As the numbers increase, the fraction gets closer and closer to a particular value, which to six decimal places is 1.618034. In fact, it is exactly equal to (1+√5)/2, and is usually denoted by the symbol φ (the Greek letter phi). This number is irrational: that is, it cannot be represented by the ratio of two integers – no fraction can be exactly equal to it. In fact, it was one of the earliest irrational numbers discovered, after the square root of two, and it was known to the ancient Greeks in the context of the geometry of pentagons.

The fractions that appear in phyllotaxis are also ratios of Fibonacci numbers, but instead of using consecutive members of the sequence, the numerator (top) and denominator (bottom) are spaced two steps apart. Moreover, the larger number is the denominator, not the numerator. A typical case is 5/13, constructed from the portion of the Fibonacci sequence that reads 5, 8, 13. The first few fractions of this type are:

Again we see a pattern: the fractions get closer and closer to a particular number, this time 0.381966. This number is closely related to φ. In fact, some simple algebra shows that the exact value is 2-φ.

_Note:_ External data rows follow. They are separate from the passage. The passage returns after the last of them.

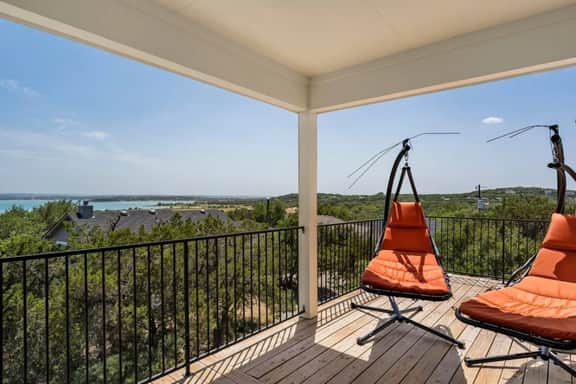 Serene Comfort in Canyon Lake - Image 3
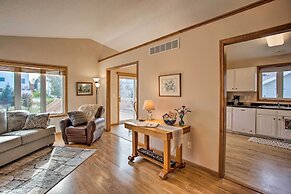 Suburban Gem W/yard+deck 5Mi From Dtwn Rochester!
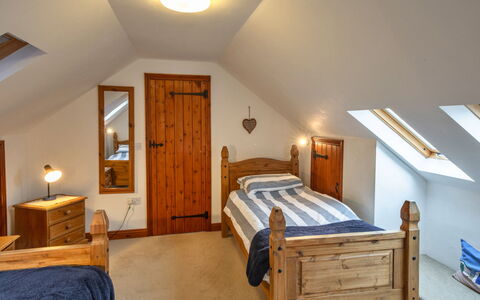 Roost, Quinceborough Farm: Bed, Meubilair, Slaapkamer, Interieur Ontwerp, Bedding, Hout, Flooring, Laken, Verdieping, Plafond
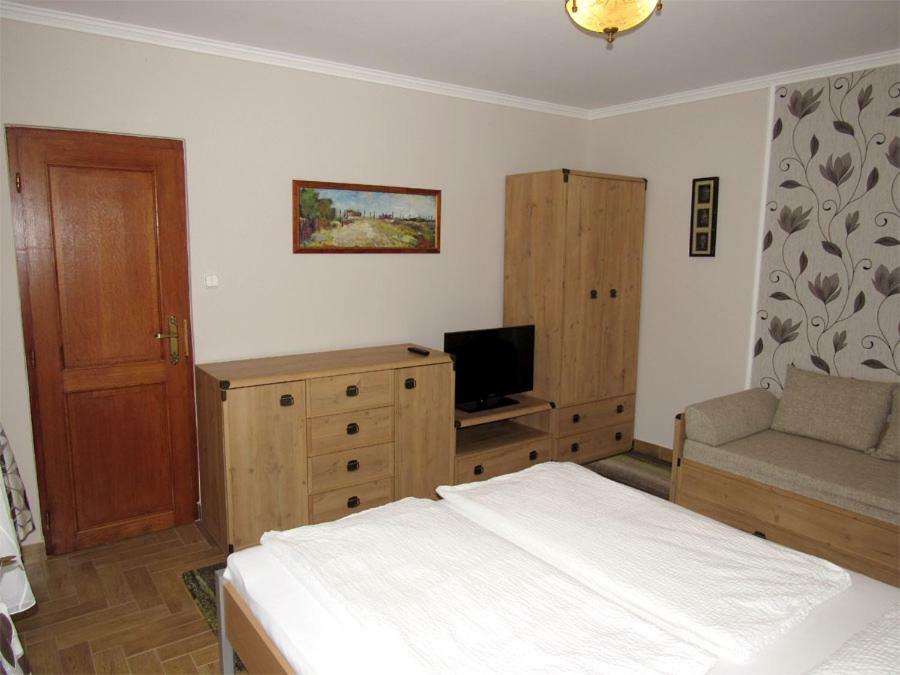 Вилла Szegfu Apartman Хайдусобосло Экстерьер фото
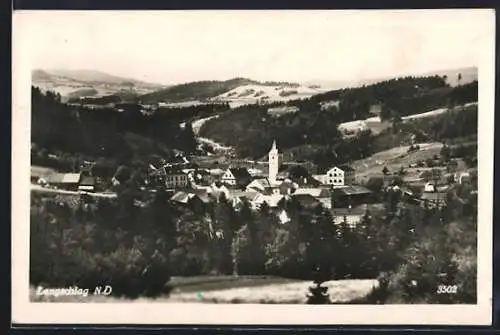 AK Langschlag /N. D., Totalansicht mit Fernblick aus der Vogelschau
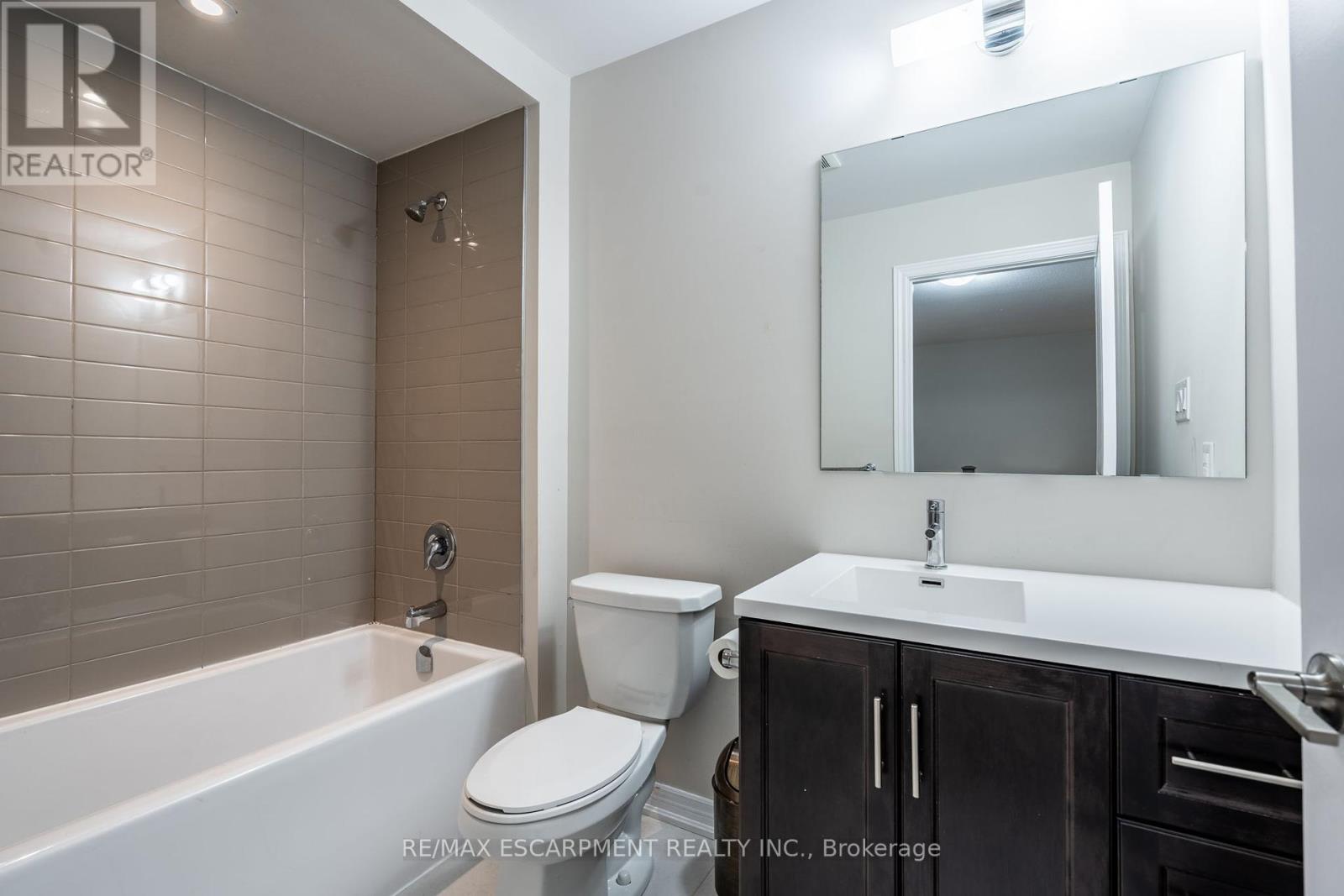 Photo 26 of 66 Pelican Lane, Hamilton ON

The special properties of the golden number φ provide an alternative interpretation. Suppose we divide a full circle (360°) into two arcs that are in golden ratio. That is, the angle determined by the larger arc is φ times the angle determined by the smaller arc. Then the smaller arc is 1/(1+φ) times a full circle. Numerically, this expression is 0.381966: the number derived above. A bit more algebra confirms that this relationship is exact. Numerically, this angle is very close to 137.5°, and it is called the golden angle.

The upshot of all this is that we can interpret the fractions observed in phyllotaxis as approximations to the golden angle. That’s all very well, but so far we have just replaced one mathematical puzzle by two others. The occurrence of Fibonacci numbers in flowers now seems to depend on a special angle and a sequence of related fractional approximations. Why this angle, and why these fractions?

The fractions are the easier part: they can be characterised mathematically as the best fractional approximations to the golden angle, for a given size of denominator. Not just in the sense that, say, 3/8 is a closer approximation than 2/8 or 4/8, but that if you look at fractions with larger denominators, the first time you get a closer approximation is when you reach 5/13. After that, the next improvement comes at 8/21, and so on. Classical mathematical concepts known as ‘continued fractions’ establish this relationship between the golden angle and the phyllotaxis fractions. So the key to the mystery is to understand why the golden angle appears. If we can do that, the role of the fractions should follow.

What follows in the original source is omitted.